Friday, November 5, 2010
for the last three days ive woken up with lines from hamlet in my head. this is not surprising, ive been re-reading it non-stop since i saw the play last wednesday (and watched a film version i hadnt seen the week before to gear up for the performance) and yes, im fully aware of how weird/nerdy/dorky that is. some of you might not know (tho i dont know how you would have missed this) that i was an english lit major in college and was kinda a closet theatre major, which manifested in many ways, not the least of which was that i took at least 3 shakespeare courses (one of which was taught in london where i saw 6 of the 7 plays we studied on stage). this after having read at least 6 shakespeare plays in high school and growing up going to 'wayne v-- patron of the arts night' every summer since i was 10 years old which entailed attending whatever performance of shakespeare oak park festival theatre was presenting that year at austin gardens. so, yeah. i cut my teeth on this stuff and have spent a lot of time with a few of the plays, whether seeing them, reading them, or writing papers about them. twelfth night (for obvious reasons) king lear (for no special reason) and hamlet (for reasons to be divulged below) are the three i know incredibly well.

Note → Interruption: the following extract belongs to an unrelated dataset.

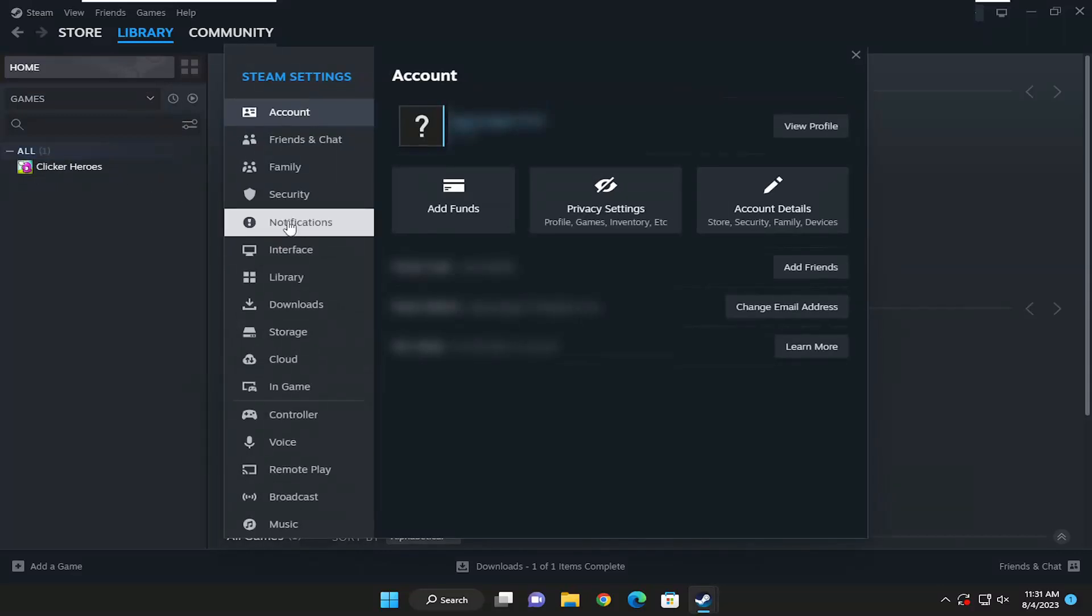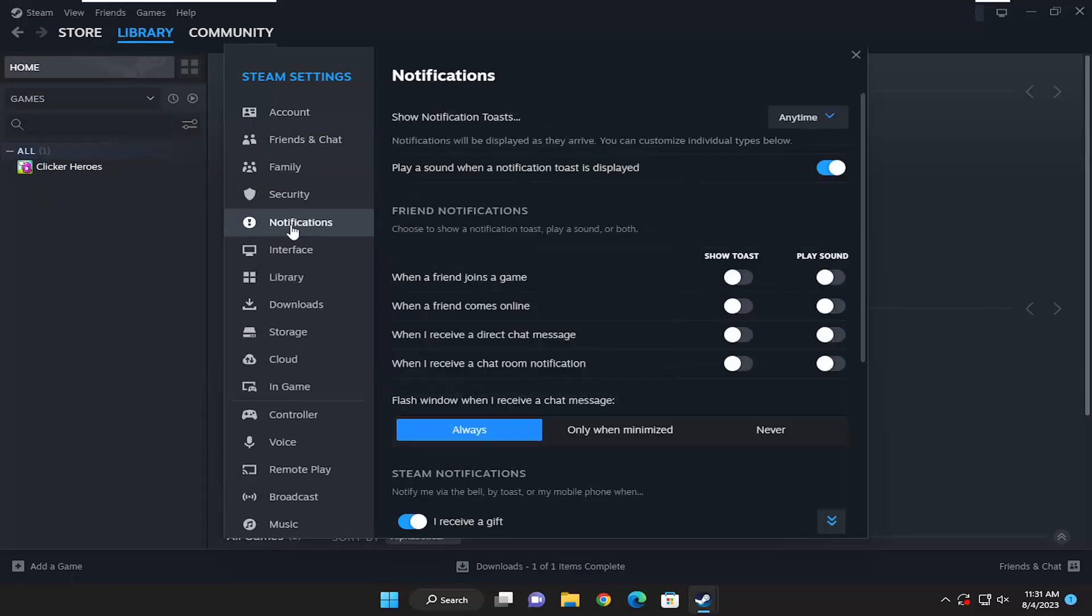On the left side, select notifications. And then on the right side, where it says when a friend joins a game, toggle it to the on position for playing the sound, as well as show toast.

somehow in all of this, you might be surprised to know that tho i have been a part of quite a few theatre productions over the years, i have never once acted shakespeare. i say this as a form of transparency. i dont have first-hand knowledge of the language in my mouth for hours at a time, nor the embodiment of a shakespearean character in my self. truth is, i would love to. viola has always resonated strongly with me (that should have been a clue at some point), and when i stop lying to myself and just come out with it, hamlet is my dream role. (yes, im aware of how self-dramatizing and exactly like every stereotypically-full-of-themselves actor that is. i know, i know. [insert slight self-deprecating head shake here]) but its true. i would kill to play hamlet. or maybe i should say i would wait to kill until the very last moment possible when im practically already dead, to play hamlet.
the point that i started out to make is that ive been living and breathing this play recently and i think i have a pretty damned good idea of how i would want it to be done if ever i were a part of producing it. (i promise you now that i will never ever propose directing and starring in it, tho id like to do both, separately...) right, point being: i want a queer hamlet.

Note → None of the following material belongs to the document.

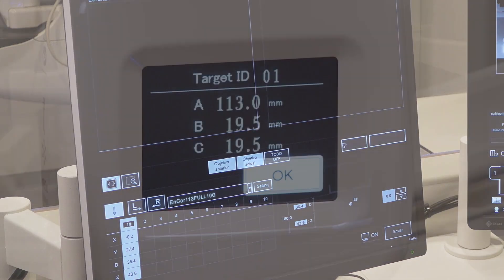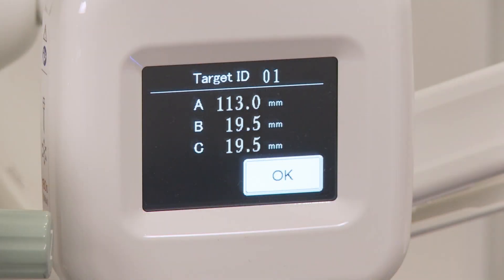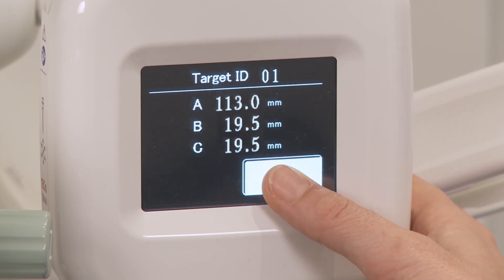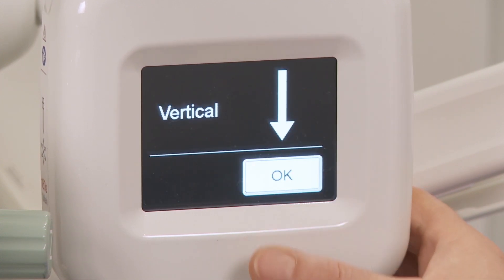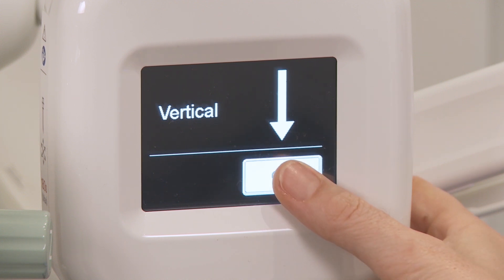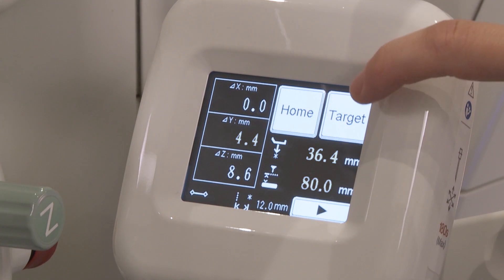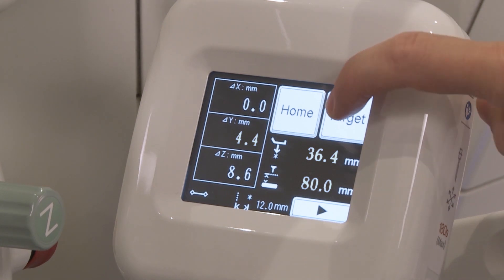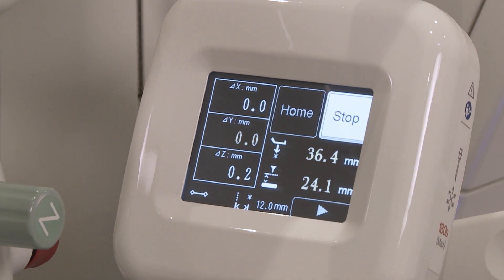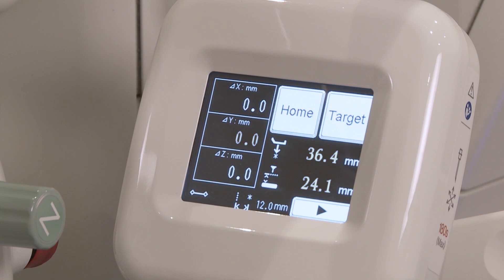In the Operation panel, the target information is displayed right after touching OK to confirm the target ID and needle, and OK again to confirm Vertical Approach. Press the Target button to drive the needle holder to the selected target coordinates.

i want a hamlet who used to be with laertes, then moved on to ophelia when her brother left the country, has had a thing going with horatio for some time that comes to a head (pun intended) during the course of the play, used to mess around with rosencrantz (whose new boy is guildenstern), flirts with guildenstern out of spite, has probably played with at least one of the players, and generally runs the whole show by flirting with everyone.
i want the nunnery scene with ophelia to be a coming out moment, i want his speech to horatio about how good a friend he is to end up in a make-out session, i want all of his interactions with the players to impress the fact that he is playing all of the time with everyone (and is a ham himself), i want the closet scene to be like sisters talking about the men in their lives, i want every interaction with R&G to be lewd and dirty as hell, i want ophelias madness to also stem from her discovery that hamlet and her brother used to do it, i want laertes' anger with hamlet to be partially fear of being outed, i want most of his 'antic disposition' and wordplay to be more along the lines of being a diva, (with lots of camp, even queening) and flirting, all of that coming to a peak with the osric scene. the point being he knows how to control people and when there are a lot of them paying too close attention to him for any actual revenge to happen. therefore he 'speaks daggers but uses none' and flirts with those who enjoy it to get what he wants, and with those who dont to make them uncomfortable.
and the best part is, i promise im not just making shit up. i mean, kinda, but everyone is allowed interpretation from the text. but honestly, the text can support all of these things. there are so many cock jokes in this play i cant even count them.
do me a favor. re-read hamlet with these things in mind and tell me if it isnt one of the most fun and biting and dramatic shows you can think of.